Then all the people of Israel turned back to the Lord. So Samuel said to all the Israelites, “If you are returning to the Lord with all your hearts, then rid yourselves of the foreign gods and the Ashtoreths and commit yourselves to the Lord and serve him only, and he will deliver you out of the hand of the Philistines.” So the Israelites put away their Baals and Ashtoreths, and served the Lord only.

Here we have a bit of closure to our message last time. The Philistines return the ark to the Israelites, but the Israelites don’t really have a proper place for the ark. The Israelites do not yet have a temple. So they bring it to someone’s house and they have someone guard it. And for twenty years, that is where the ark is. So that’s what happens to the ark for the moment.

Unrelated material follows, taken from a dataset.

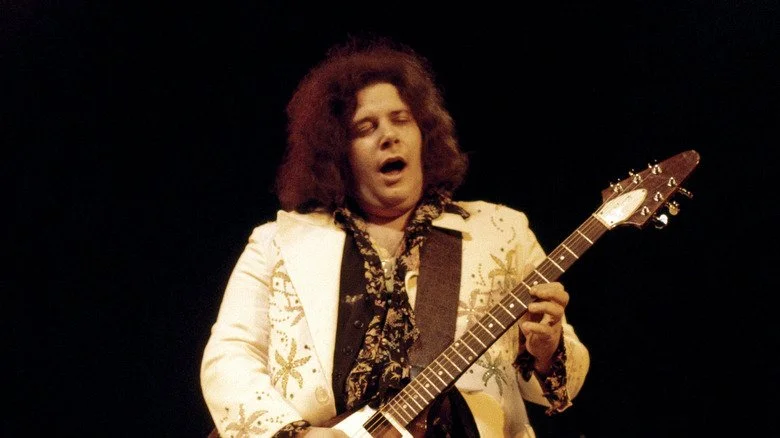 Leslie West chantant et jouant de la guitare sur scène au début des années 1970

What we read next is more relevant to what we’ve been talking about. See, this is why context is always important because the Bible doesn’t always spell things out easily for us. When we first read about this whole situation with the Israelites losing the ark, we don’t quite understand why. I did present a possibility by discussing how the high priests were corrupt and immoral, which is why the Lord put them to death. But is that really supposed to be a reflection of the immorality of the Israelites as a whole? Yes. When the leadership fails to trust in the Lord, the people will follow. The Israelites didn’t understand why they kept getting destroyed in battle. They didn’t ask God. The Bible didn’t tell us outright. But now we find out why: they were still stuck in their same old ways that we saw in the book of Judges. They were unfaithful. They believed in the Lord. We saw that in how they thought the Ark would save them. But they also worshipped other gods. That’s not good. So Samuel explained it to them: If you want to really repent, if you want to really turn back to God—then you have to get rid of everything that holds you back from worshipping Him alone. That is the only way to make things right with God. It’s the only way to receive God’s favor and deliverance.

So many times when we preach the Gospel, when we talk about God, we forget about this important point. What do you have to do for salvation? Believe in Jesus. But that’s not the whole story. Believe ONLY in Jesus. This is where the Ten Commandments help. Understanding the teachings of the New Testament assumes you have a good grasp of the Old Testament. You shall have no other gods before me. It isn’t enough to believe in God or believe in Jesus. You have to also be faithful to Him. I think we can probably find a lot of Christians today that won’t get this. They’ll go to church. They’ll confess faith in Christ. But no one can serve two masters. And in this world, it’s easy to follow many masters. You may idolize people and practically worship them. You may idolize things that interest you or make you happy, and that’s basically addiction—whenever you are addicted to something other than your relationship with God. And many will certainly idolize wealth. You may believe in Jesus, believe in His salvation and His truths—even wholeheartedly—but unless you devote yourself to Him, it just doesn’t matter. That’s a false security and a false faith because those who love Jesus will keep his commands, and that includes faithful devotion to the one and only. Let’s continue reading. Verses 5 and 6.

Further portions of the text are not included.